| steep_descent | R Documentation | 
Function minimization by steepest descent.
steep_descent(x0, f, g = NULL, info = FALSE,
              maxiter = 100, tol = .Machine$double.eps^(1/2))
| x0 | start value. | 
| f | function to be minimized. | 
| g | gradient function of  | 
| info | logical; shall information be printed on every iteration? | 
| maxiter | max. number of iterations. | 
| tol | relative tolerance, to be used as stopping rule. | 
Steepest descent is a line search method that moves along the downhill direction.

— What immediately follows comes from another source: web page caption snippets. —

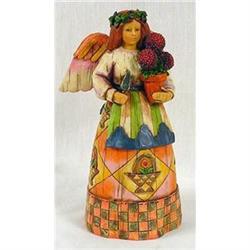 JIM SHORE GARDEN ANGEL STATUE * ENESCO #2270713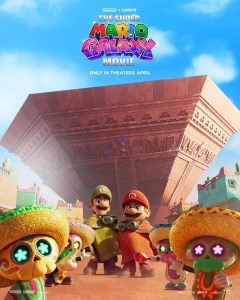 The Super Mario Galaxy Movie poster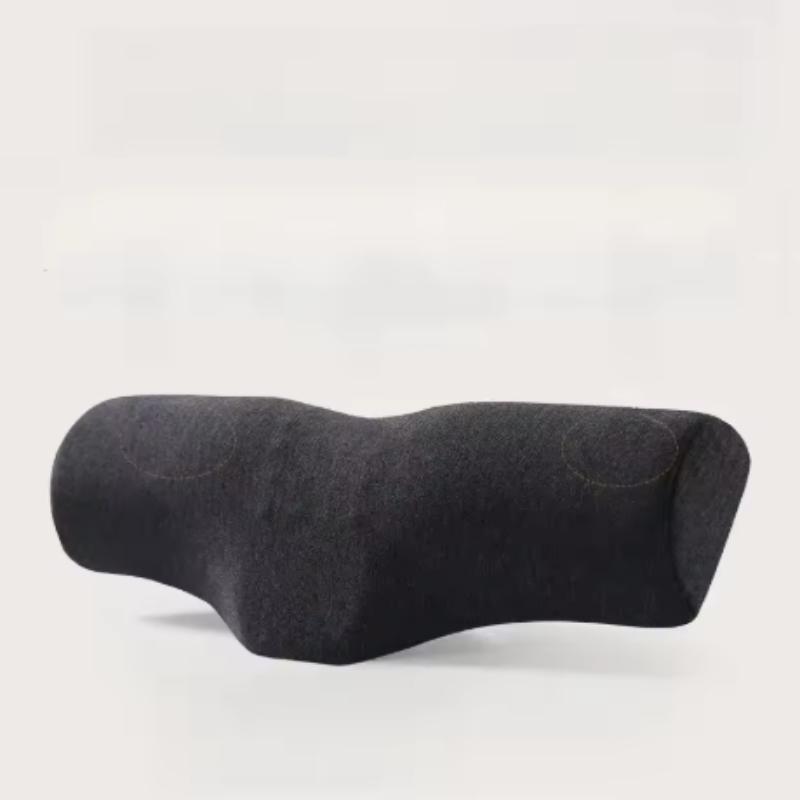 Household Single Person Sleep Aid Cervical Pillow, Multi-functional Neck Traction and Stretching Pillow Core for Neck Protection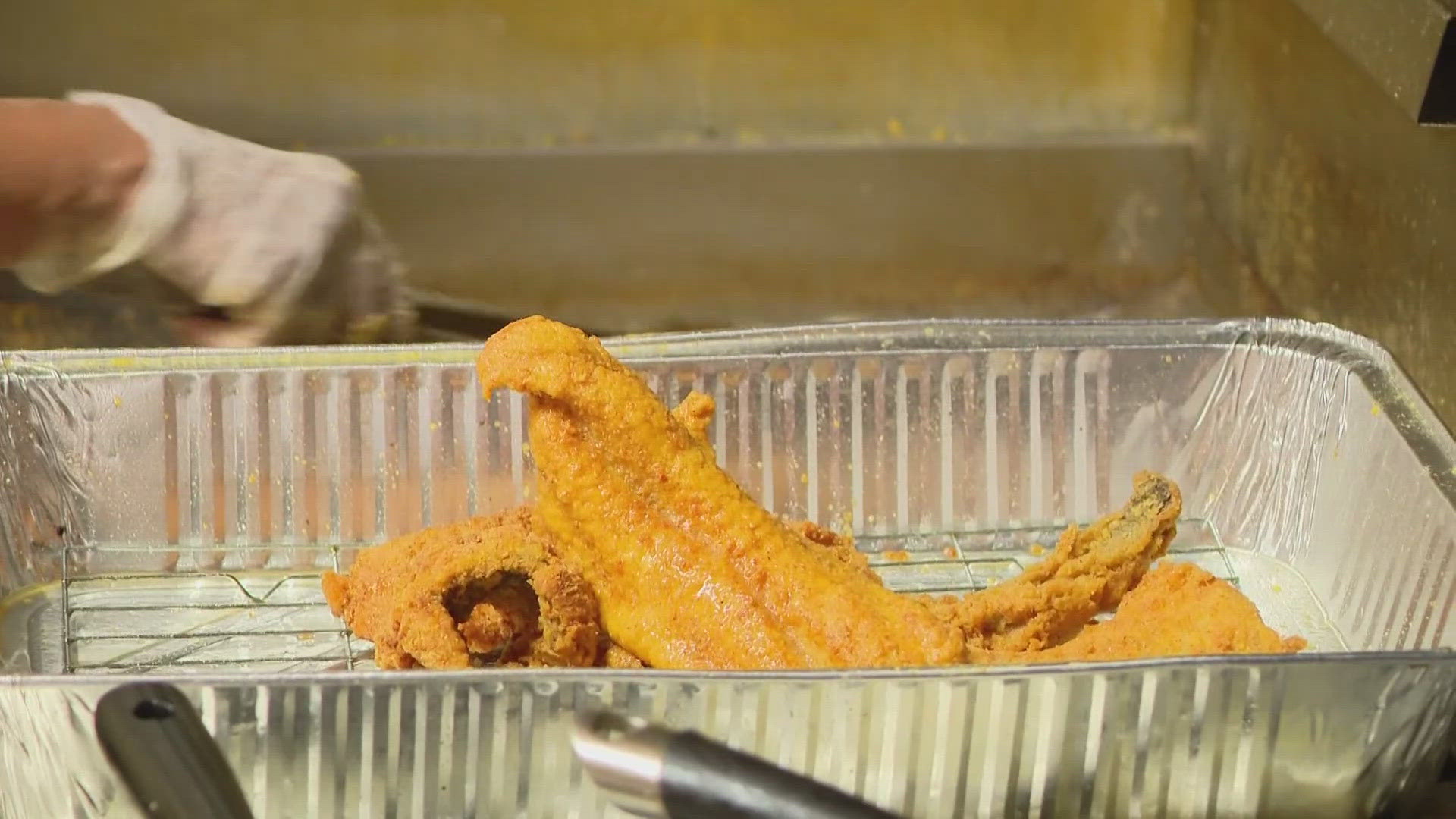 The St. Patrick fish fry runs every Friday through April 11 from 4:30 p.m. to 7:30 p.m.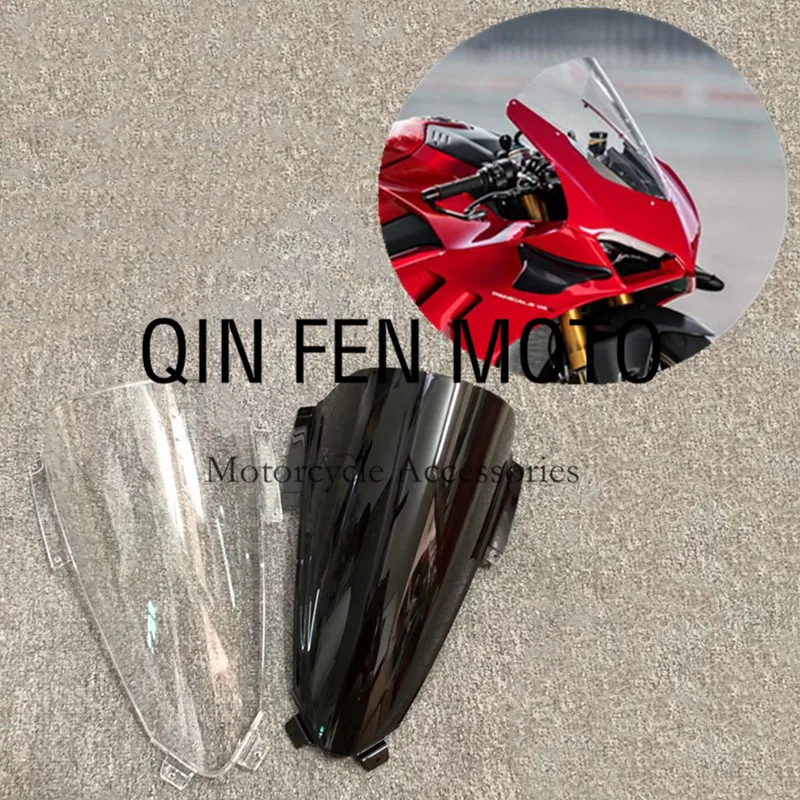 Fit For Ducati Panigale V4 V4S 2021-2022 Motorcycle Screen Windshield WindScreen ABS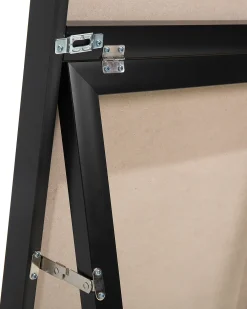 Specchio da terra TORCY 140 cm Nero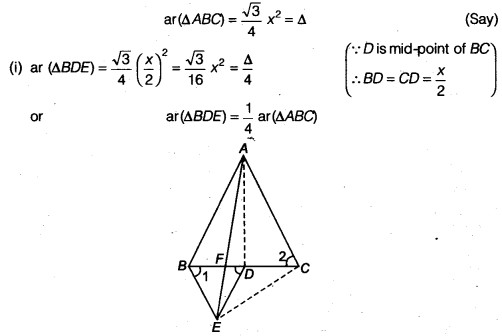 NCERT Solutions for Class 9 Maths Chapter 9 Areas of Parallelograms and Triangles Ex 9.4 A5.1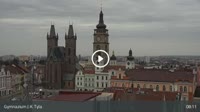 Hradec Králové - Catedral del Espíritu Santo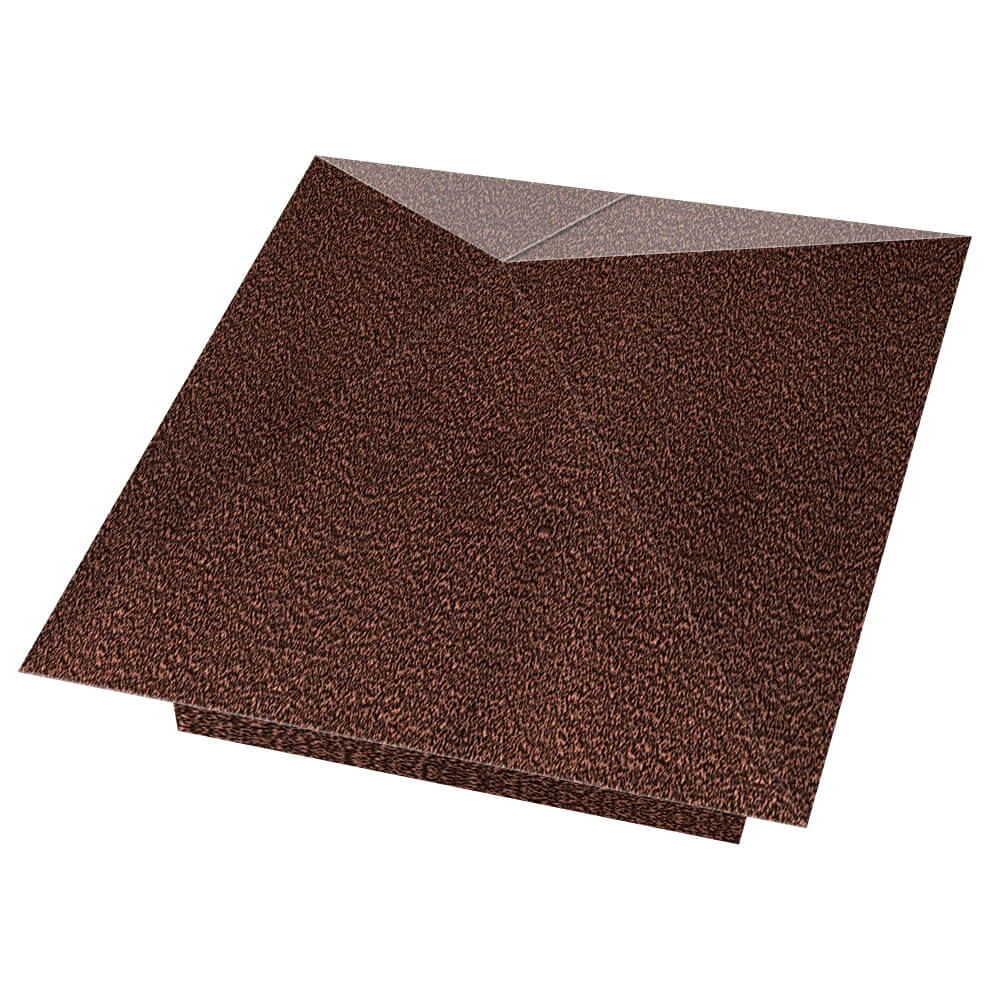 Колпак металлический 400х400мм Антик Хамелеон заборный Уфа фото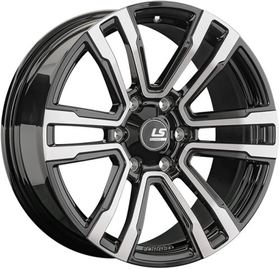 LS Forged FG11 7.5x18 6x139.7 ET25 dia 106.1 BKF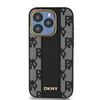 DKNY POKROWIEC HARDCASE DO IPHONE 15 PRO MAX DO MAGSAFE SKÓRZANY CHECKERED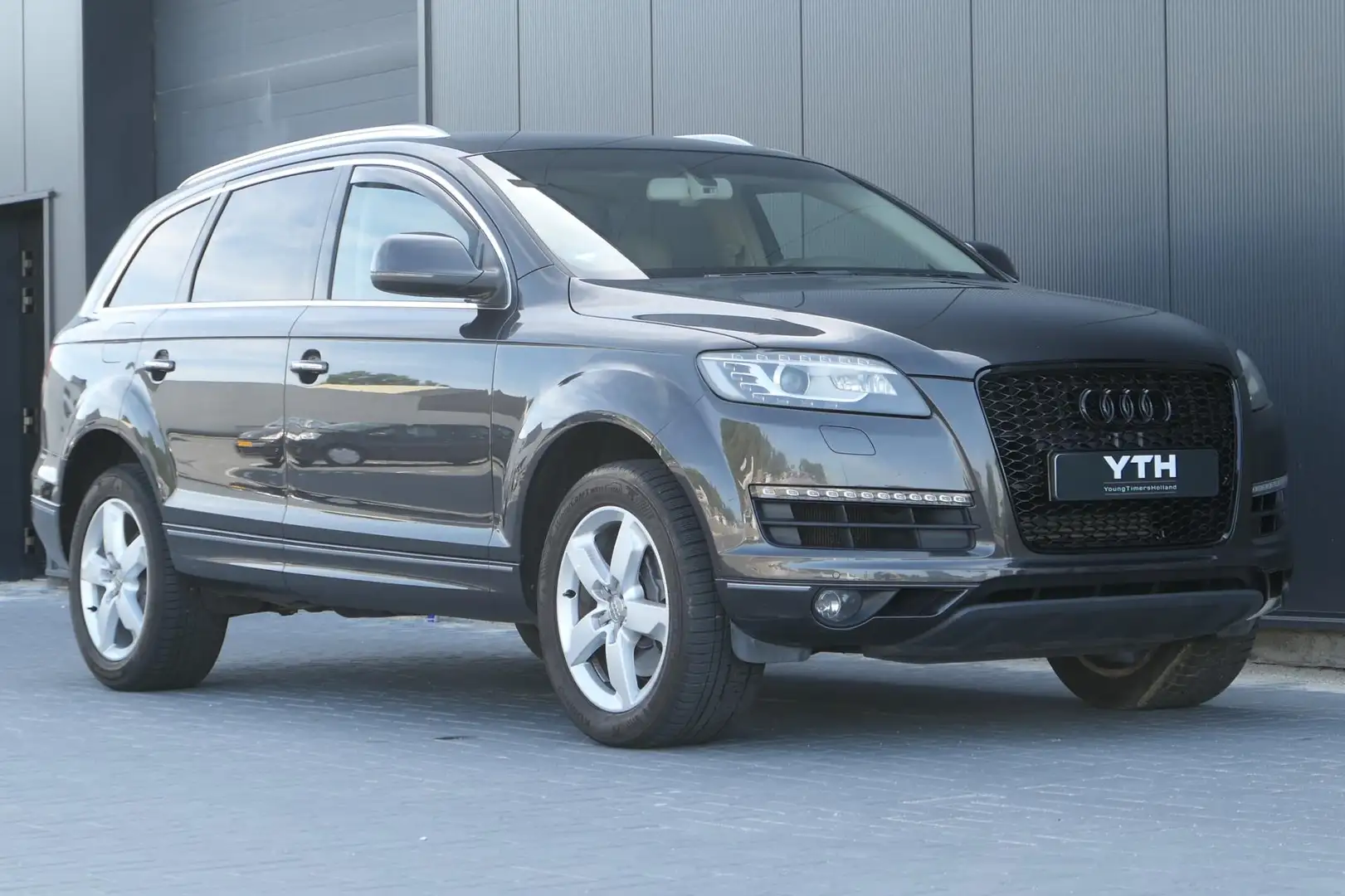 Audi Q7 3.0 TFSI V6 quattro Pro Line Facelift Memory Keyle Grigio - 2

List with following components:
| xmin | minimum solution found. | 
| fmin | value of  | 
| niter | number of iterations performed. | 
Used some Matlab code as described in the book “Applied Numerical Analysis Using Matlab” by L. V.Fausett.
Nocedal, J., and S. J. Wright (2006). Numerical Optimization. Second Edition, Springer-Verlag, New York, pp. 22 ff.
fletcher_powell
##  Rosenbrock function: The flat valley of the Rosenbruck function makes
##  it infeasible for a steepest descent approach.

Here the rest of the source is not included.